Feb 8 2008 by Emma Pinch, Liverpool Daily Post
Emma Pinch discovers X-Factor runner-up Rhydian Roberts has a down-to-earth attitude to stardom
WEIRD. Dead-eyed. Insecure. Those were some of the kinder epithets used by X Factor judge Sharon Osborne to describe runner-up Rhydian Roberts.
To be fair, she had a point. He was got up like a Gotham City villain on stage with his gimlet eyes, frosty quiff and knock-out voice; his diffident alter-ego seemed a bit suspicious.
But just as she got into her waspish stride, Sharon, for once, found herself a step behind the public mood. We were thawing to old Mr Whippy hair. He was a riddle who piqued our interest. He was a Valleys rugby boy and his weirdness a publicist’s fantasy; he was a freakish body-builder. Then he was unmasked as a virgin, and you couldn’t get weirder than that, said the press.
In the end, he seemed like a shoe-in for the X Factor crown, and most of us were slack-faced in disbelief when pop pixie Leon Jackson won, with his “love me” puppy eyes and teary Scottish mum, and debate raged over rumours of a fix. We, the public, couldn’t let Rhydian go so quickly.
I expected politeness and puddles of silence during an interview with Rhydian, who is, remember, just 24. But the Rhydian I encountered, relaxed at his Welsh home after two weeks in the Mexican sun, was garrulous and, with the gossipy rise and fall of his South Wales accent, came over as engagingly honest, up-beat, firm in his convictions and down to earth. As disciplined as any athlete, he has faith in his talent, but he’s careful not to take his good fortune for granted.
Simon Cowell has predicted his new signing will earn £20m over the next decade or so, but when Dermot O’Leary pronounced Leon Jackson the X Factor winner, Rhydian’s future didn’t look as rosy.
Going on X Factor had been a substantial gamble for Rhydian, a classically-trained baritone who trained at Birmingham’s prestigious Conservatoire. Even a win doesn’t guarantee success – for every Leona Lewis there are a dozen Steve Brooksteins.
“A lot of people in the classical world look down their noses at X Factor so it was a shot in the dark,” explains Rhydian.
“I knew what doors it would open if I won but if it went wrong there’s no way I’d be employed as a classical singer again, they just wouldn’t take me seriously.
“That’s why, on the night of the final, the first time I shed a tear, it was because I thought all my hopes and dreams might have been quashed, and I wasn’t sure what was going to happen next in my career.”
In the event, Simon rang him up after the show and told him he was going to have a fantastic career, and offered him a record deal. Being different had paid off, something he insists is genuine, though embellished by TV, and something he’s proud of. But he’s had to grow a tough hide to weather the barrage of opinions picking over his character.
“My hair, initially, was quite big and white, that was a stylist’s decision, and I was happy to go along with it,” he admits.

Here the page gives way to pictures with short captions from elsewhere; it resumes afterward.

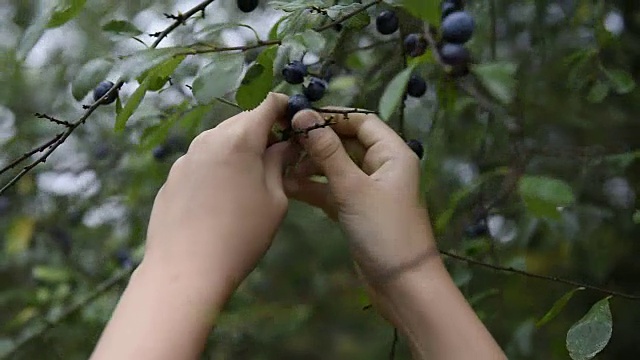 用手从树上摘水果视频素材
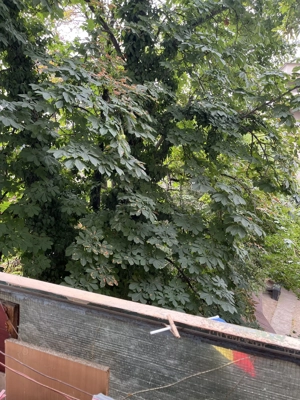 VAND APARTAMENT 2 CAMERE, UNIVERSITATE - imagine 2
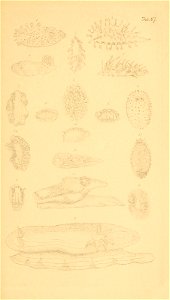 n164_w1150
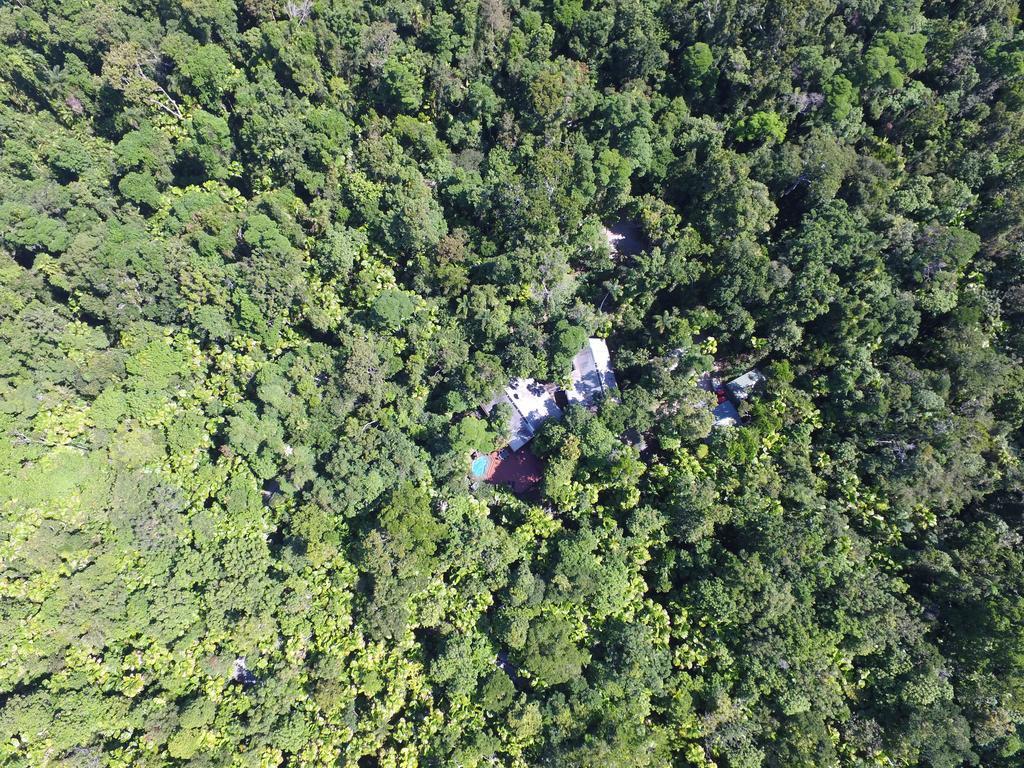 Daintree Wilderness Lodge Buitenkant foto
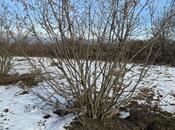 Продаётся  участок 100 сот, photo 3 from 8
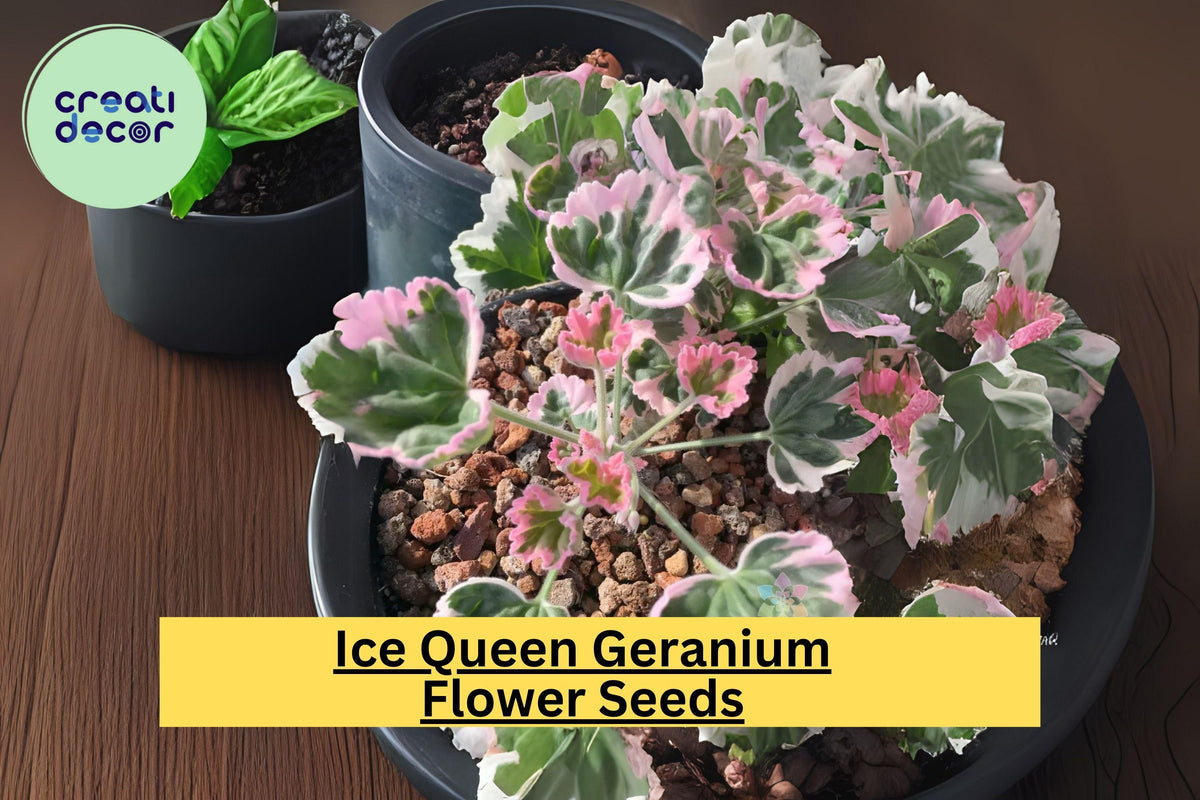 25+ Ice Queen Geranium Seeds - Frosty White Blooms, Easy to Grow Pelargonium for Gardens & Containers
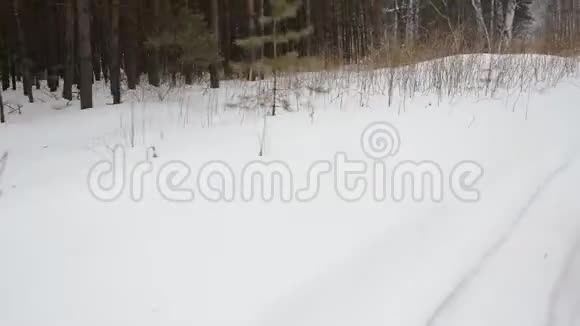 冬季景观与雪车视频的预览图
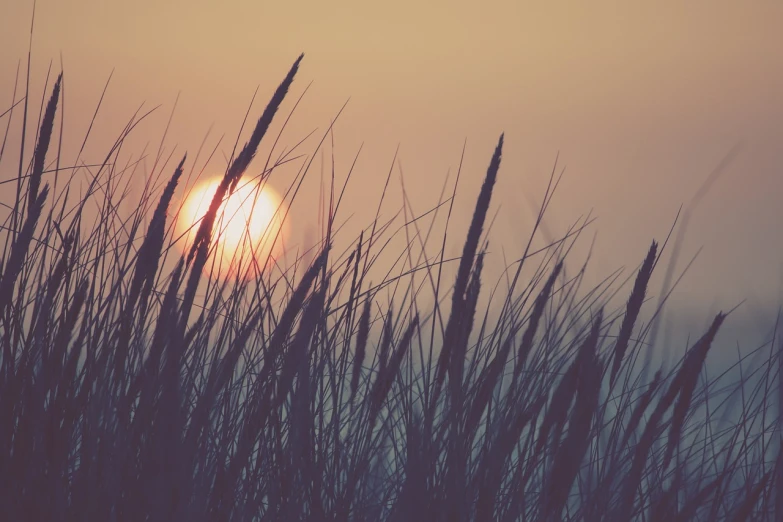 the sun is setting behind some tall grass, a picture, romanticism, retro effect, beach, nature photo, sunset photo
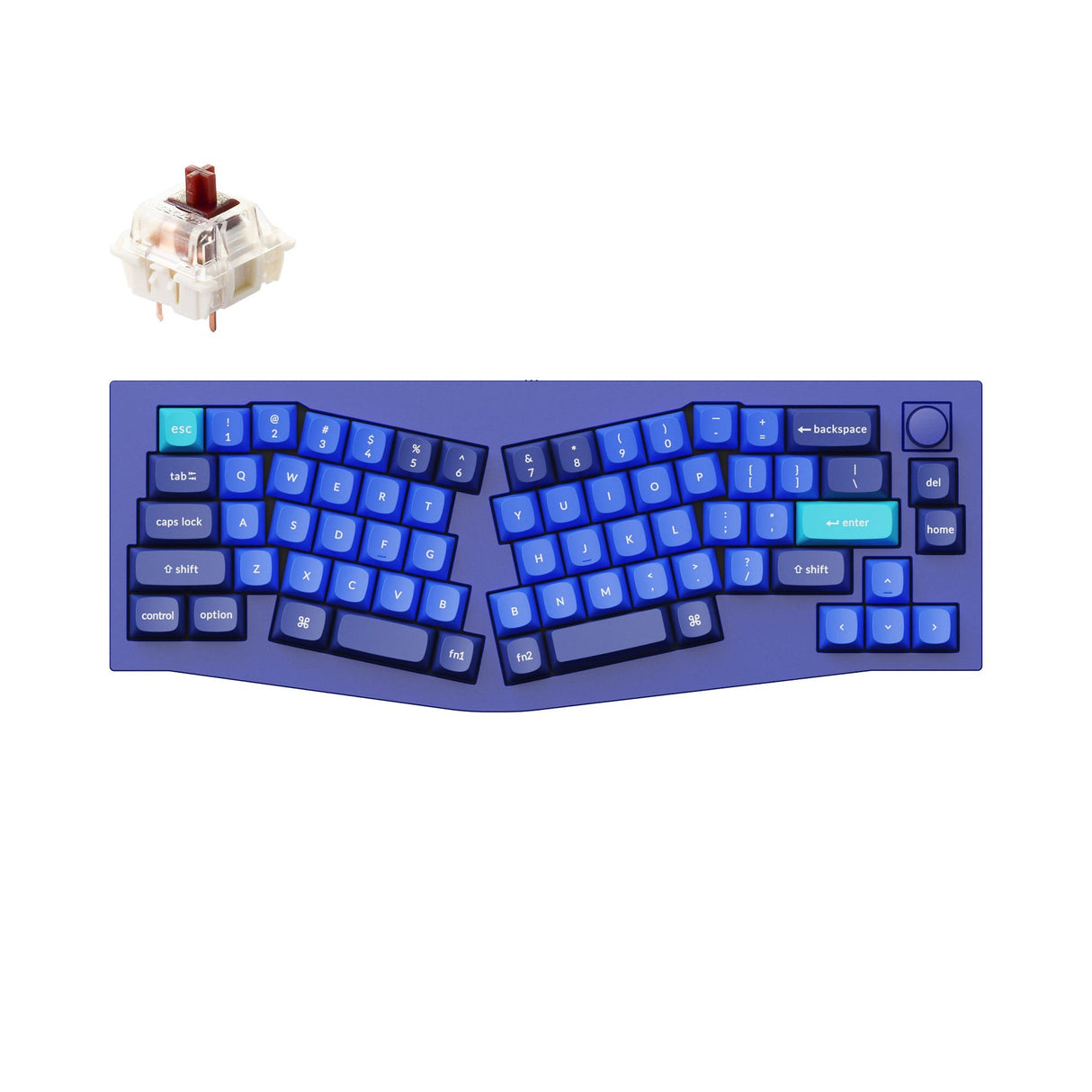 Tastiera meccanica personalizzata QMK Keychron Q8 (layout Alice) (layout ANSI USA)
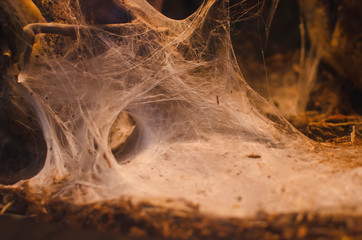 A thick spiral spider web in the bottom of the desert cave. 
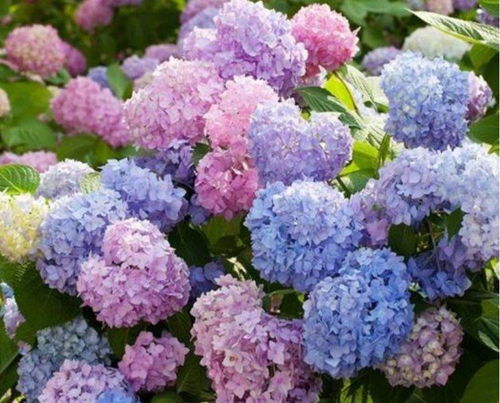 绣球种植季节大揭秘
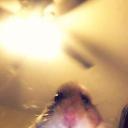 THE Server Discord Server Banner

“Quirkiness gives me an edge. If I wear boring suits, black suits with normal flattened hair with a classical voice, that’s been done before. I like being different.
“I don’t fit the mould as a normal X Factor contestant, normally perhaps, they have some kind of story. There were plenty of stories I could have used, but I didn’t want to. In all fairness, it’s the TV companies who delve in and hit on a story and like for you to mention it. It could be, ‘I’m doing it for my mum’, and then you see it time and time again.
“I thought, ‘I’m just going to be me’”.
He was the Marmite of the TV talent show world, viewers swooned or shuddered. Sharon Osborne, initially, fell into the latter camp.